The trial court ordered each party to pay his or her own attorney fees and ordered that

Father was entitled to visitation pursuant to Indiana Parenting Time Guidelines. Id. at 52.

On February 8, 2013, several days before the final hearing, Mother moved for an

emergency continuance of the final hearing due to illness of both T.B. and the foster child,

which Mother’s counsel asserted made it not possible for Mother to attend the hearing.

The court permitted a hearing on the matter on the morning of February 11, the date the

final hearing was to begin. After receiving argument and evidence, the trial court denied

the request to continue and proceeded with the final hearing. Prior to the start of evidence,

the parties stipulated that Mother would have primary physical custody of T.B. and that the

4 parties would share joint legal custody. The parties also stipulated that Father would have

parenting time pursuant the Guidelines. Remaining at issue, then, were the matters of

division of marital property and child support.

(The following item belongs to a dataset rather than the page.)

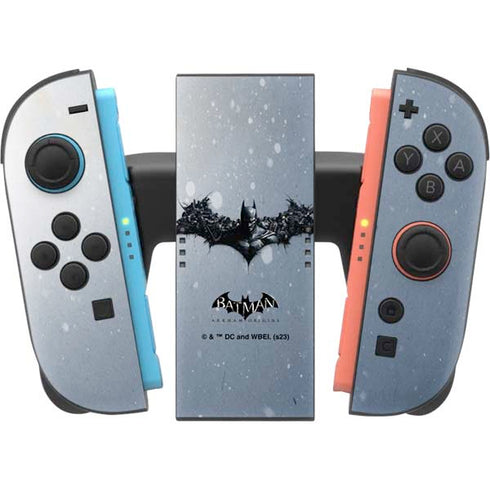 DC Comics Arkham Origins Arkham Logo Nintendo Switch 2 (2025) Joy-Con Controller Skin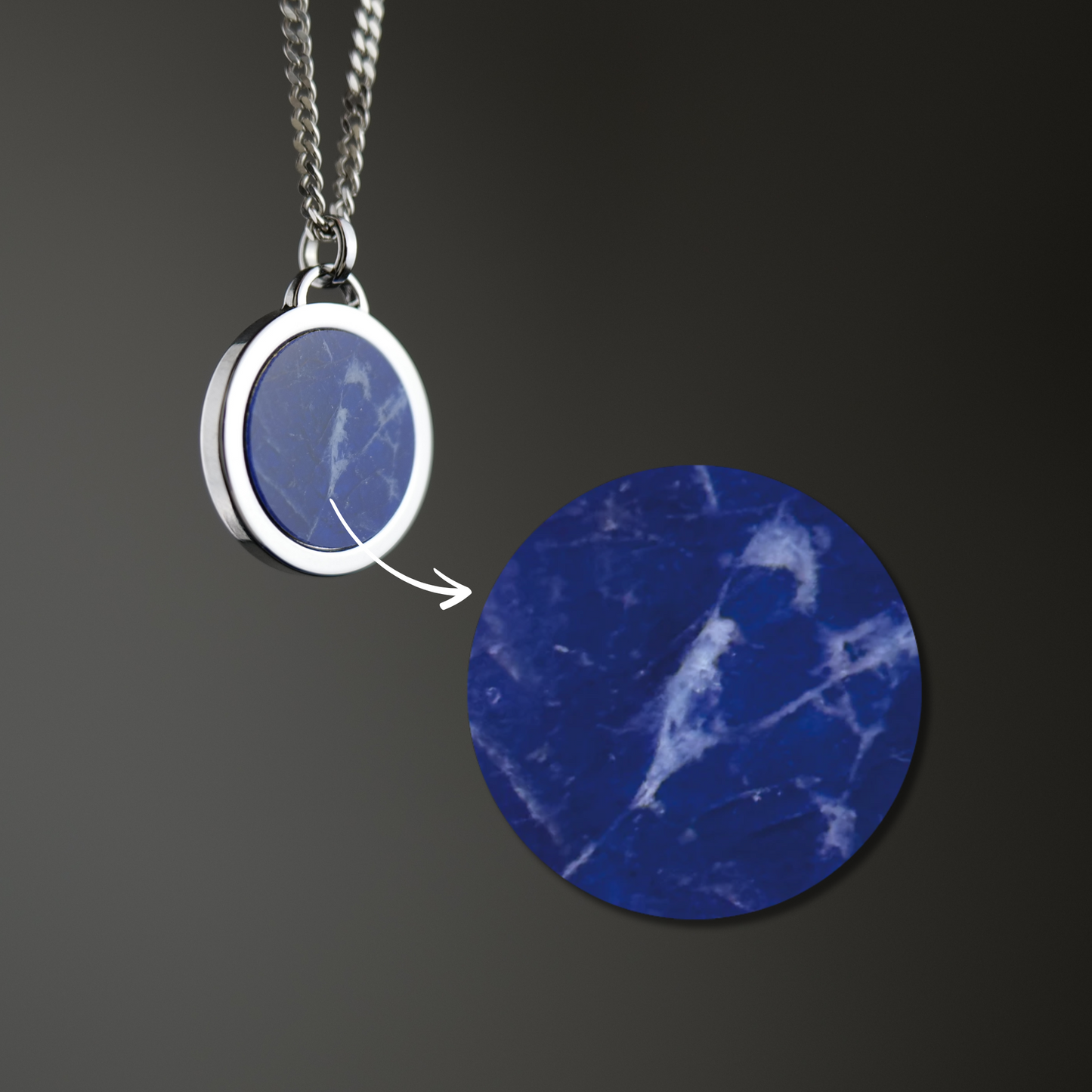 Disc Marble Blue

A significant portion of the hearing was devoted to the issue of Father’s inheritance

from his mother, including portions that were distributed to T.B. At the hearing, Father

called as a witness a bank trust officer to testify as to the final distribution to Father in

December 2012, in the amount of $415,219.85, as well as several prior distributions:

including $1,125.00, which was applied to child support owed for T.B. Father also called

attorney Christi Anderson, who was the attorney that prepared Mrs. Boyd’s estate plan and

handled her estate. Anderson testified that Mrs. Boyd directed that 68% of her estate was

to go to Father, who was her only child. None was directed to be given to Mother; in fact,

Anderson testified that, although she met with Mrs. Boyd a number of times, including

sessions to review and discuss family members and whether they would inherit anything,

Anderson did not realize Father was ever married, as Mrs.